Peut-être jugera-t-on que la Chine ouverte, la Chine renouvelée, ajoute à un travail de ce genre tout l'attrait d'une publication de circonstance; mais, avant comme après la paix de Nan-King, l'Anacharsis chinois était à faire. C'est ce qui va être tenté..

Comme spécimen des gravités de ce curieux ouvrage, nous donnons le portrait d'un [illisible] et le vue extérieure d'un [illisible]--Que nos abonnés ne nous demande aucun renseignements sur les habitants et les chinoiseries que nous leur représentons, nous leur répondrons «La chine est ouverte, allez vous embarquer rue Saint-Benoît, nº 7. Le voyage sera long (il durera cinquante semaines), mais peu coûteux (trente centimes par semaine), aussi agréable qu'instructif (MM. Old Nick et A. Borget tiendront toutes leurs promesses), sûr (M. Fournier a-t-il jamais laissé un ouvrage inachevé?), et, chose étrange, vous le ferez entièrement sans quitter votre fauteuil, votre maison, votre femme et vos enfants. A de telles conditions, qui ne partirait.... pour la Chine ouverte?

Impressions de voyage de M. Boniface, par Cham (4).

Note 4: Album.--Paris, Paulin. 3 fr.

Qu'est-ce donc que M. Boniface, qu'il s'imagine avoir le droit de nous faire raconter par M. Cham, au crayon et à la plume, ses excursions sur terre et sur mer, sur la tête et sur le nez, etc., le tout mêlé de bosses et coloré de bleus et de noirs? M. Boniface, puisqu'il faut l'avouer, est un proche parent de MM. Vieuxbois, Jabot et Crépin, d'heureuse mémoire.
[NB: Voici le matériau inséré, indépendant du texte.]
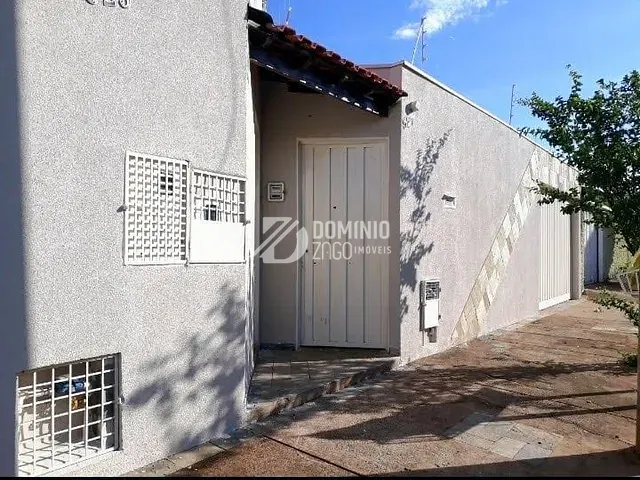 Casa com 480m² 5 quartos e 2 banheiros, à venda ou para alugar, no bairro Santa Maria em Uberaba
Comme eux, il ne saurait prétendre à la réputation d'un Adonis persécuté par la mauvaise fortune qui les a tourmentés; il joue constamment un rôle moitié triste, moitié plaisant dans une longue série d'incroyables aventures; enfin, à l'instar de. M. Vieuxbois, il traîne toujours après lui un chien fabuleux. Pour le moment, M. Boniface ne se présente à nous qu'en qualité de réfractaire de la 4e

compagnie du 3e bataillon de la 10e légion. Comme moi et comme vous peut-être, cher lecteur, il a une horreur instinctive pour le service de la garde nationale; il fait plus: non content d'avoir tressailli dans son lit en recevant un billet de garde, ainsi que vous pouvez en juger, il a résolu de s'affranchir de ce joug odieux, il s'exile temporairement, il part pour la perfide Albion, avec son chien.--Je ne vous raconterai pas toutes les petites misères qui l'accablent pendant son voyage de Paris à Boulogne, il s'en console en admirant, par les fenêtres du coupé, les belles campagnes de la Picardie.